Let's see how parallel computing works on the `acacia` dataset:


```r
plan(sequential)
tic()
acacia_res_seq <- cpr_rand_test(
  acacia$comm, acacia$phy,
  null_model = "curveball", n_reps = 100
)
#> Warning: Abundance data detected. Results will be the same as if using presence/absence data (no abundance weighting is used).
#> Warning: 'comm' is > 95% absences (zeros). Be sure that 'n_reps' and 'n_iterations' are sufficiently large to ensure adequate mixing of random communities
#> Warning: Dropping tips from the tree because they are not present in the community data: 
#>  Pararchidendron_pruinosum, Paraserianthes_lophantha
toc()
#> 107.131 sec elapsed
```


```r
# Run cpr_rand_test() in parallel with 2 CPUs
plan(multisession, workers = 2)
tic()
acacia_par_seq <- cpr_rand_test(
  acacia$comm, acacia$phy,
  null_model = "curveball", n_reps = 100
)
#> Warning: Abundance data detected. Results will be the same as if using presence/absence data (no abundance weighting is used).
#> Warning: 'comm' is > 95% absences (zeros). Be sure that 'n_reps' and 'n_iterations' are sufficiently large to ensure adequate mixing of random communities
#> Warning: Dropping tips from the tree because they are not present in the community data: 
#>  Pararchidendron_pruinosum, Paraserianthes_lophantha
toc()
#> 90.475 sec elapsed
plan(sequential)
```

And now we start to see the performance improvements that be can be gained from parallel computing!^[The settings used here are chosen to demonstrate performance gains from parellelization with short overall computation time, not for accurately calculating CANAPE.]

## Progress bars

If you'd like to track the progress of `cpr_rand_test()` in real time, you can enable a progress bar.
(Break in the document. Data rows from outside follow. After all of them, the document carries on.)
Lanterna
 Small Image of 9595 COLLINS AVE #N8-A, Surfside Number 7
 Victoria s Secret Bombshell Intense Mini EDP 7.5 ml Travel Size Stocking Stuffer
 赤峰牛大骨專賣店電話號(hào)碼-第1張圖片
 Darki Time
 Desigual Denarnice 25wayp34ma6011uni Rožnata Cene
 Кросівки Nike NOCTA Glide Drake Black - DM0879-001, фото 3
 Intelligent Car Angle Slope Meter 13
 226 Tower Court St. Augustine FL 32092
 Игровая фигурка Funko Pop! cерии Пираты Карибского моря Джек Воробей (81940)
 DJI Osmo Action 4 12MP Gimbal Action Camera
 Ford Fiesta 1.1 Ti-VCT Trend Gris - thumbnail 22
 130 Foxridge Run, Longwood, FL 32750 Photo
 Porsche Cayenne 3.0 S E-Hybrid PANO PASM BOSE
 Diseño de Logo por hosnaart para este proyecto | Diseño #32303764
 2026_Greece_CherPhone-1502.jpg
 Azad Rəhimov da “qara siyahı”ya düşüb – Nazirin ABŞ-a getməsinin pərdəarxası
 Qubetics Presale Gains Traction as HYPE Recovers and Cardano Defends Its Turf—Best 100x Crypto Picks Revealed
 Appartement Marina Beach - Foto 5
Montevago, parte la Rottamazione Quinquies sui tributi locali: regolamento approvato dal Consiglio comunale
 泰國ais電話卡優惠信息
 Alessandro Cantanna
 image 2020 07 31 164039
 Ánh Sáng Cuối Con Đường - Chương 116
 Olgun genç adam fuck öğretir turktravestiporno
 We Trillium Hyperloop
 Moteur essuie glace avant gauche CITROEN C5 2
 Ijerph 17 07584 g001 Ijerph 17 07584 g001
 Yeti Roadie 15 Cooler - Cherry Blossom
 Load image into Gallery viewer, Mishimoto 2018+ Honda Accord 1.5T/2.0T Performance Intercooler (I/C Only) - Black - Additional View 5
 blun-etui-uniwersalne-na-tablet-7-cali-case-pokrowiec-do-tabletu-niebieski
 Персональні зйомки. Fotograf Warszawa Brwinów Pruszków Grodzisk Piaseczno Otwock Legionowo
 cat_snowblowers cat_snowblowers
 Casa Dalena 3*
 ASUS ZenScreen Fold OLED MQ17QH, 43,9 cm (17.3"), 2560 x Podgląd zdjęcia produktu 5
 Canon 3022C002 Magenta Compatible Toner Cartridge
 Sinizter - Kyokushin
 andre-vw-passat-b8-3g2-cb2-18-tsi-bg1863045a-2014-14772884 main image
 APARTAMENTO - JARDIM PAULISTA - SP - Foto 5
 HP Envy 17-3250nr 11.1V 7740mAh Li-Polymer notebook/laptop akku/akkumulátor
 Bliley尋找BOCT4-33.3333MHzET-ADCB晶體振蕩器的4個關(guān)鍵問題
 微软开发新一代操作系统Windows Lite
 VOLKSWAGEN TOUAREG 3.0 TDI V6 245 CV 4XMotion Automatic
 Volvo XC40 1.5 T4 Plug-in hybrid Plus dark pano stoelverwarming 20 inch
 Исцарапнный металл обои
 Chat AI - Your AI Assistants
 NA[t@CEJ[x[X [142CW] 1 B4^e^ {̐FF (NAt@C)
There are two ways to do so (neither of these will show up on the webpage, but do try it at home!). Similar to parallelization, this is done outside of the actual function.

One way is to add `progressr::handlers(global = TRUE)` before `cpr_rand_test()`:


```r
progressr::handlers(global = TRUE)

biod_res_long <- cpr_rand_test(
  biod_example$comm, biod_example$phy,
  null_model = "swap", n_reps = 500
)
```

The other way is to place `cpr_rand_test()` inside the `progressr::with_progress()` function:


```r
progressr::with_progress(
  biod_res_long <- cpr_rand_test(
    biod_example$comm, biod_example$phy,
    null_model = "swap", n_reps = 500
  )
)
```

## Conclusion

This vignette shows how easy it is to enable parallel computing in `canaper`, and when it makes sense to do so. I hope it helps your analyses run faster!